Donnie Gibbs

No. 15
- Position: Punter

Personal information
- Born: December 31, 1945 Tyler, Texas
- Died: February 21, 2006 (aged 60)
- Listed height: 6 ft 2 in (1.88 m)
- Listed weight: 205 lb (93 kg)

Career information
- High school: Robert E. Lee High School
- College: TCU
- NFL draft: 1968: undrafted

Career history
- New Orleans Saints (1974);

Career NFL statistics
- Punts: 3
- Punting yards: 99
- Average punt: 33
- Inside 20: 2
- Stats at Pro Football Reference

= Donnie Gibbs =

American football player (born 1945)

Donald Ray Gibbs was an American professional football punter who played college football for TCU Horned Frogs and played professionally for the New Orleans Saints of the NFL.

Gibbs born on December 31, 1945, to Clyde and Frances Gibbs. He played high school football at Robert E. Lee High School where he not only punted but also played quarterback. In 1963 he led Robert E. Lee to its first winning record in football. In 1965 he won the Troy V. Post Award as "1965 Young Texan of the Year."

Gibbs said of becoming TCU's punter "I feel like a freak, standing off to one side of the field and just kicking the ball. It's a little boring and I miss playing quarterback. But if this is the best way I can help the team, then I'm for it. At TCU Gibbs was not only the team's punter but also the holder for placekicker Bruce Alford. Alford, who played several years in the NFL, said of Gibbs "Donnie knows just how I like the ball to sit. He has sure, quick hands and takes the snap and gets it down in a hurry...It's like a quarterback who gets used to taking a snapback from one center. It sure would upset me if I didn't have Donnie." In 1966, he was named to the Fort Worth Star-Telegram All-Southwest Conference Team after recording a 43.1 yard per punt average through 9 games. After college Gibbs played quarterback and punter for the Fort Worth Braves of the Texas Football League from 1968 through 1971.

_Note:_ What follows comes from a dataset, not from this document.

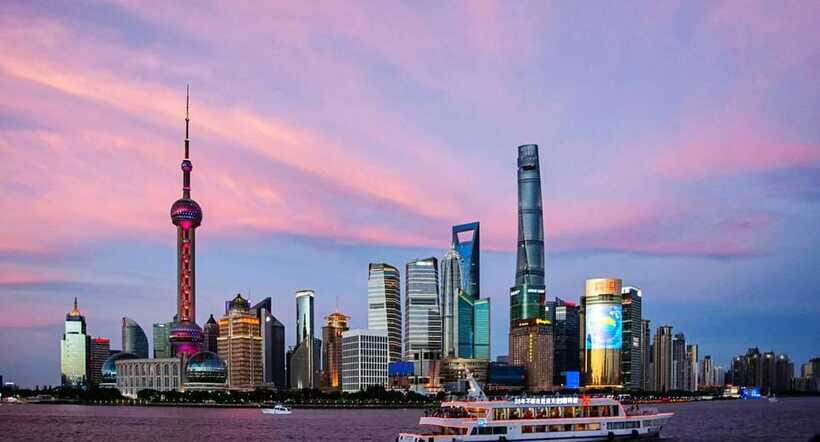 Shanghai Airport Layover Tour with Amazing City Highlights - People Square, Century Park, and Nanjing Road street food energy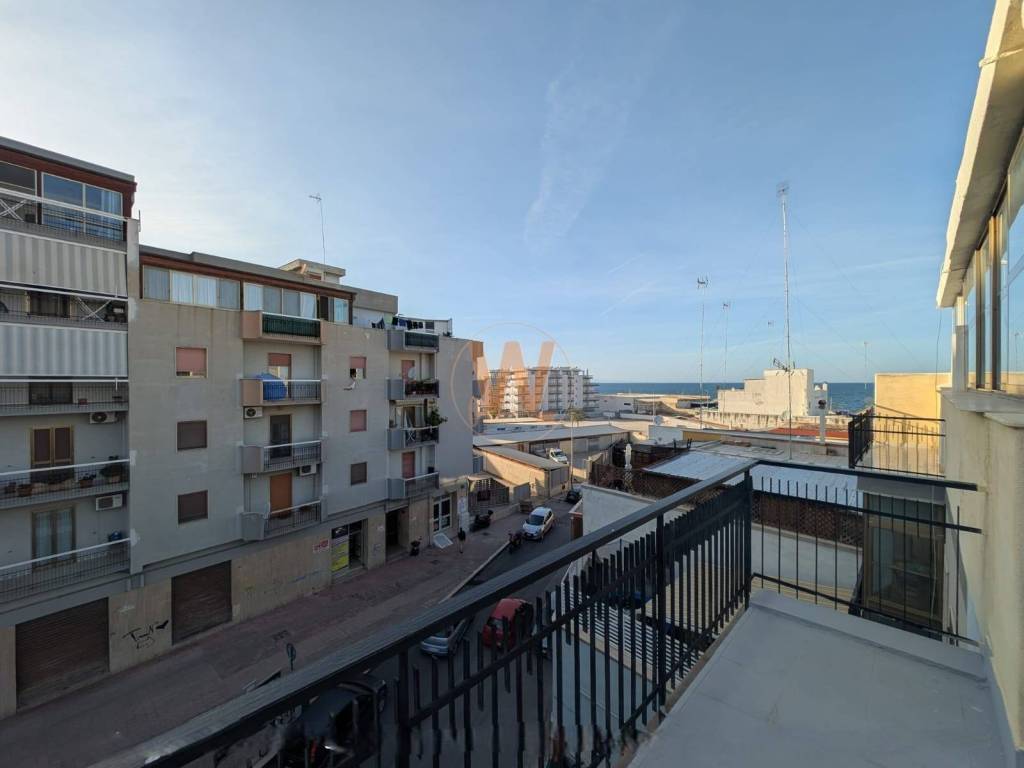 Attico / mansarda a Trani in Piazza Indipendenza - Foto 3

Gibbs played for the Saints in 1974. He asked for a tryout as a 29 year old and beat out Steve O'Neal – holder of the NFL record for longest punt ever – for the punting job. Gibbs had spent the prior two years selling women's clothing. His first game with the Saints was against the San Francisco 49ers and started well as he executed two coffin corner kicks to pin the 49ers deep in their own zone. But disaster struck late in the game when he fumbled a perfect snap to set up the 49ers' winning score. Gibbs said of the play "I just flat dropped it. I wasn't concentrating on fielding the snap. I went in there and didn't do my first job, catch the ball." He was waived by the Saints before their next game and replaced by veteran Tom Blanchard.

Gibbs died on February 21, 2006, in Pennsylvania at the age of 60. He was survived by three daughters and a son.